Don Luis sabe que cuando un cliente se acostumbra a su sastre, difícilmente irá a una tienda a comprar un traje ya hecho. Es un oficio artesanal, muy meticuloso, que amerita enorme cuidado y, tristemente, muy poco valorado en estos tiempos.
Él, mi paciente; yo, su cliente
Lo operamos en 2011. Su cirugía, afortunadamente, fue un éxito. Él siempre ha sido un hombre muy saludable: delgado, se cuida mucho y tiene una excelente actitud, lo que le ayudó muchísimo en una circunstancia tan adversa.
En una de las citas de control, me atreví a preguntarle si podía ir a su casa para que me hiciera un traje. Y el resto es historia. Ya me ha hecho cuatro vestidos enteros y cinco sacos estilo blazer, que me encantan. De hecho, los cuido como si fueran de oro.
Don Luis tiene un detalle muy particular: él le coloca a uno el saco, le ayuda a acomodarlo, lo deja en su sitio, observa detalladamente su trabajo en un giro de 360 grados e, inmediatamente, sonríe. Esa es la sonrisa de alguien que sabe que hizo las cosas muy bien.
Por todo lo anterior, sin pensarlo dos veces, me llevé a Felipe bajo un aguacero a Tibás, hasta la casa de este artista de las telas y el buen acabado. Nos recibió Suri, la zaguatilla de la casa y su fiel compañera. De inmediato, don Luis nos pasó a su zona de trabajo.

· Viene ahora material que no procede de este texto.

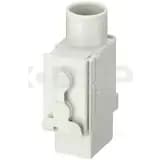 ABB SZ-ESKBP ABB SZ-ESKBP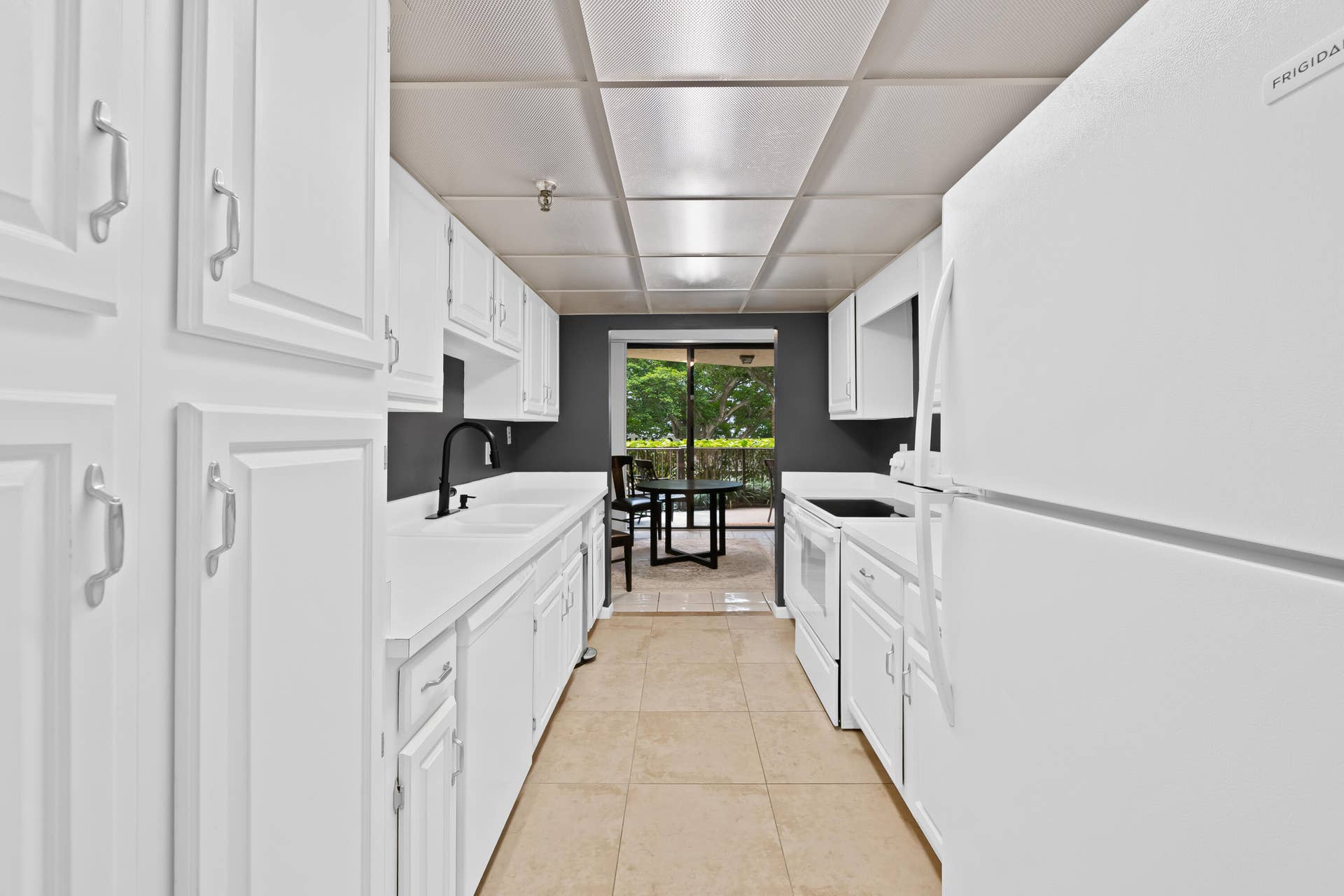 859 Jeffery Street, #1090, Boca Raton, FL 33487 DSC_0744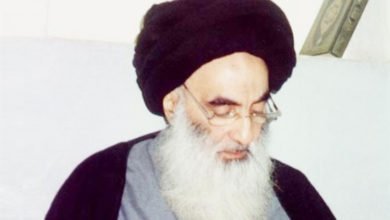 81E9D83B EDEE 4CDF BDF3 9C56846A3A4F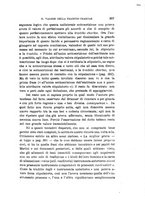 giornale/TO00194367/1907/v.2/00000319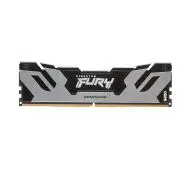 Kingston FURY Renegade DDR5 16GB 6400 CL32 Czarno-srebrny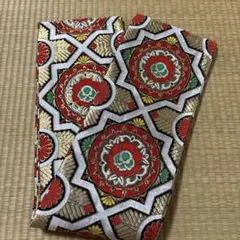 Item thumbnail for item e9f9223c-abb2-4c6f-a72c-e02c3e6d9a48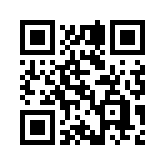 QR-Code https://ppt.cc/H3tk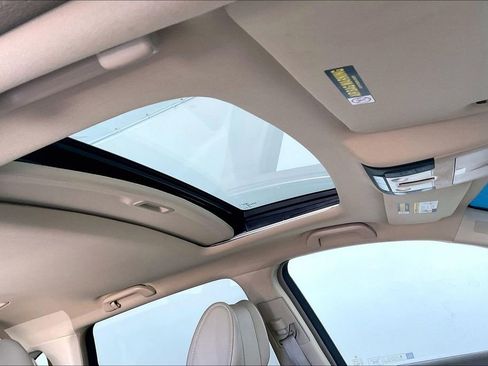 Used 2012 Acura MDX w/ Technology Package image 20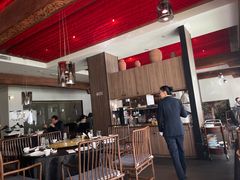 -太守宴·蘭院(天塔店)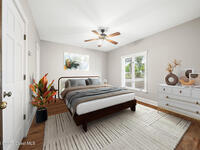 2195 S Courtenay Parkway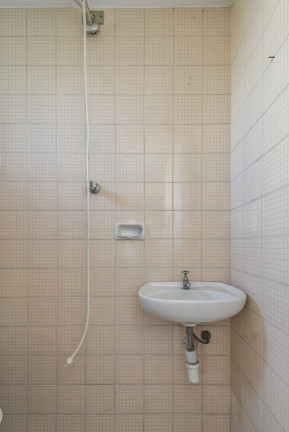 Imagem Apartamento com 3 Quartos à Venda, 105 m² em Moema - São Paulo Imagem Apartamento com 3 Quartos à Venda, 105 m² em Moema - São Paulo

Yo observaba la escena de lejos, mientras Felipe se mantenía serio, contemplándolo hacer el delicado ritual de la toma de medidas. Me invadió la nostalgia y me acordé de mi papá. Hice un esfuerzo para contener las lágrimas.
Felipe escogió un diseño que me encantó, de la época de 1930: un saco cruzado alto de seis botones y tela a rayas. Me antojé en el acto y decidí que yo también quería uno.
Aco seguido, nos fuimos los tres al almacén de telas. En el camino, don Luis lamentaba que los vendedores que lo atendían y conocían bien ya no están. Ahora se topa con gente nueva y con otro tipo de telas. Lamenta que ya no se consigue con facilidad el material que quisiera para trabajar a sus anchas.
Después de buscar minuciosamente, conseguimos lo que queríamos. Don Luis supervisó el corte del material en la tienda y se fue a su casa con su eterna sonrisa y la frase de siempre: “Andrés, yo lo llamo cuando tenga la prueba lista”.
Ambos trajes quedaron espectaculares y ya le envié a don Luis las fotos de la graduación. Me enteré, por medio de su hija, que se puso muy feliz y, lo principal, que está muy orgulloso de su trabajo.
La última vez que lo vi, le dije: “Don Luis, yo seguiré viniendo hasta que me diga ‘hasta aquí’”. Y estoy seguro de que, mientras su vista y sus manos sigan tan bien, algo voy a inventar para seguir yendo a su casa.
¡Don Luis, muchas gracias!
aarley@medicos.cr
Andrés Arley Vargas es médico urólogo y presidente de la Asociación Costarricense de Cirugía Urológica.